I don't understand why it's so hard for some people to agree that those tasks are both hard and valuable ...
I much prefer solo heart days to GI days (solo or not!), for lots of reasons.
Efficiently and safely sedating a parade of BMI 50+ trainwrecks for endoscopies, whether or not you have to trust some revolving door CRNA-of-the-week you don't know, whether or not you're also running 2 or 3 other rooms, is hard and high risk work. Even ordinary ACT work that isn't especially high turnover can be a very busy, difficult day.
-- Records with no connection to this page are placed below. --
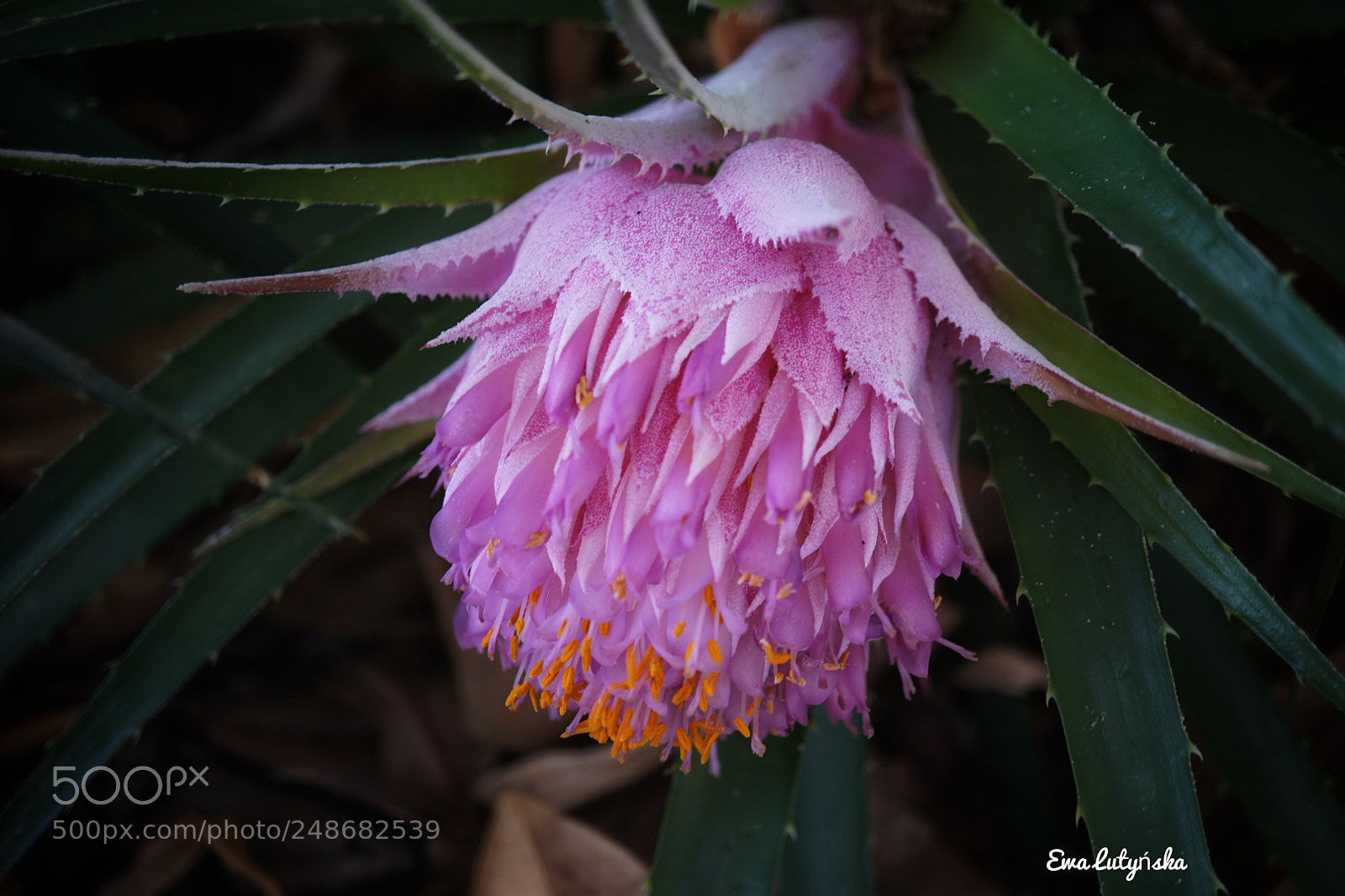 Sony a6000 sample photo. Aechmea fasciata  photography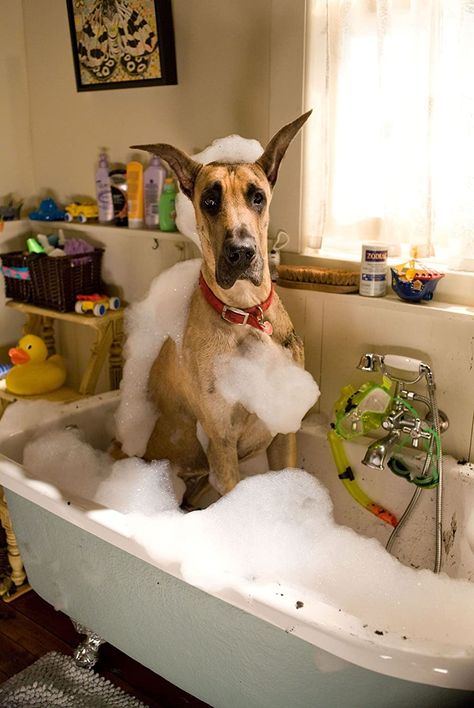 In The Bathtub, Great Danes, Must Love Dogs, Dogs Funny, Super Ideas, Baby Dogs, Animal Love, Great Dane, Love Animals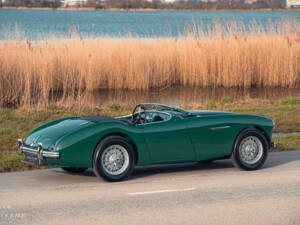 Imagen 8/17 de Austin-Healey 100&#x2F;4 (BN1) (1954)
It's funny but the only people I ever hear tell me that doing hearts is easy are people who don't do them. It's usually old farts who don't do hearts any more, but are oddly proud of how they used to do hearts. It's almost as if they are saying "Yeah I could do those hearts that you're doing ... I just don't feel like it." It's a very weird kind of ego flex coming from people who should know better.
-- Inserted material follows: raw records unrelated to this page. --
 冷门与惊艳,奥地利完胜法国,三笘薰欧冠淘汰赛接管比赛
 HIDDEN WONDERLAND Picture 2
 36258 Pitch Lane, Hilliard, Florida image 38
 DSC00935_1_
A couple days ago I did a solo heart that was booked as a "CABG + possible AVR" ... could the average 4:1 GI center ACT generalist anesthesiologist have done that TEE and made the appropriate measurements and given an informed opinion to replace or not replace the valve to the surgeon? I'm going to guess no. I think that was a hard skill for me to pick up, and one that has value. Still, I value what they do, and respect that they do it well.
All of this is why I'm firmly in the camp of (anesthesiologist paycheck) = (group total revenue) / (time worked) being the most fair arrangement. Time worked should include necessary administrative positions, even if that time doesn't generate billable units. Even if not everybody does every kind of case, even if some people have schedules tilted toward hearts, or OB, or ortho/regional, or neuro, or surgicenter ACT days, everyone should get paid for their time. When I was looking for my post-Navy and hopefully last-job-ever position, I ruled out several otherwise attractive places because they didn't work this way.